2. A wire cage according to claim 1, wherein the mesh wires are placed in
grooves formed in the supporting rod without attaching them to the
supporting rod in any other way, and wherein the supporting ring, when it
is positioned around the supporting rod, is tightened so much that the
supporting rods press inwardly in the radial direction, pressing the mesh
wires tightly between the edges of the grooves in the supporting rod.
3. A wire cage according to claim 1, wherein the supporting ring has on the
inside a groove that is of the same width as the supporting rod, and
wherein the supporting ring is positioned around the supporting rod such
that the supporting rod is in said groove.
4. A wire cage according to claim 3, wherein the inner edge of the
supporting ring is bevelled such that the bevelled surface extends
essentially from the edge of said groove towards the outer edge of the
supporting ring.
5. A method of making a wire cage comprising the steps of:
a) arranging mesh wires next to one another at predetermined intervals and
attaching them to the inside of ring-shaped supporting rods, said mesh
wires being attached in the axial direction of the ring-shaped supporting
rods to provide a cylindrical mesh surface on the inside of the
ring-shaped supporting rods,
b) supporting at least some of the ring-shaped supporting rods with support
rings by positioning the support rings around the outside of the
supporting rods without fastening the support rings to the supporting
rods, and,
c) tightening the support rings firmly so that they press the supporting
rods in the radial direction of the ring-shaped supporting rods.
Description
BACKGROUND OF THE INVENTION
1. Field of the Invention
The invention relates to a method of making a screen cylinder, in which
method mesh wires are arranged next to one another at predetermined
intervals and attached in the axial direction of the screen cylinder to
provide a cylindrical mesh surface on the inside of ring-shaped supporting
rods, and at least some of the supporting rods are surrounded on the
outside with supporting rings that support them.

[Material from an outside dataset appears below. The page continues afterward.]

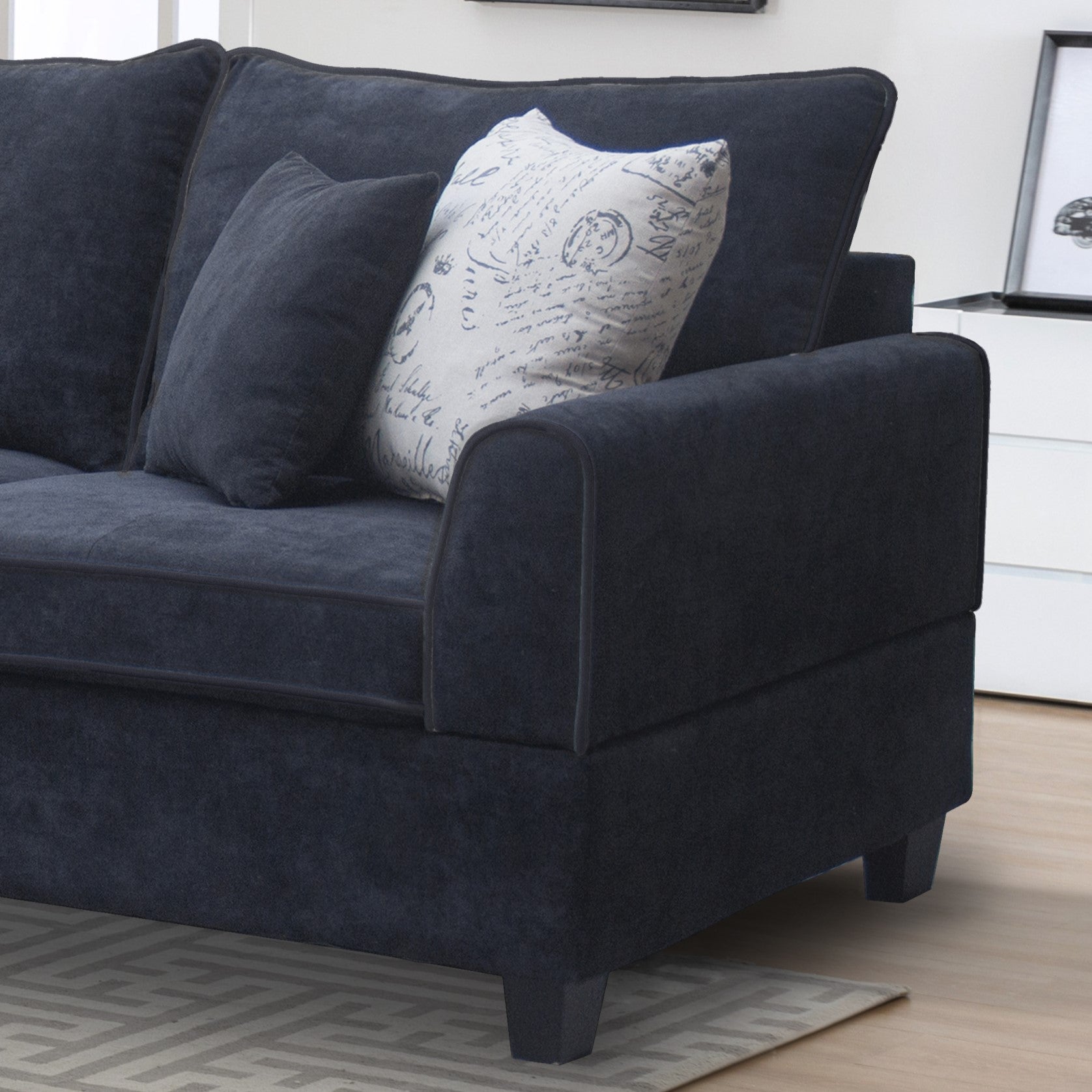 Gabriella 99"W Black Fabric Sectional Sofa with Left-Facing Chaise and Storage Ottoman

The invention also relates to a screen cylinder for purifying and sorting
out a pulp mixture, the screen cylinder comprising mesh wires arranged in
the axial direction of the screen cylinder at predetermined intervals to
provide a cylindrical mesh surface, the mesh wires being attached to the
surrounding supporting rods, and at least some of the supporting rods
being surrounded on the outside by a supporting ring.
2. Description of the Prior Art
Screen cylinders are made by attaching parallel mesh wires that provide a
mesh surface next to one another in a cylindrical shape at desired
intervals. This is usually done by welding or brazing the wires to the
supporting rods; this is difficult, and the welding also produces flashes.
In addition, the welding produces stress on the perimeters due to
different thermal expansion and shrinkage. Another problem is that the
screen cylinder requires a supporting structure in which the separate
supporting rings are usually welded to the supporting rods to provide a
uniform structure. As a result, the varying pressure and mechanical load
put stress on the inside of the cage during the use, and the stress, which
is distributed over the radially extending area formed by the supporting
ring and the mesh wire, may cause the structure to crack. This is
particularly evident in a solution where the mesh wires are welded to the
supporting rods.
SUMMARY OF THE INVENTION
The object of the present invention is to provide a method of making a
screen cylinder by which the above problems of stress can be avoided and
by which the screen cylinder is easy to implement.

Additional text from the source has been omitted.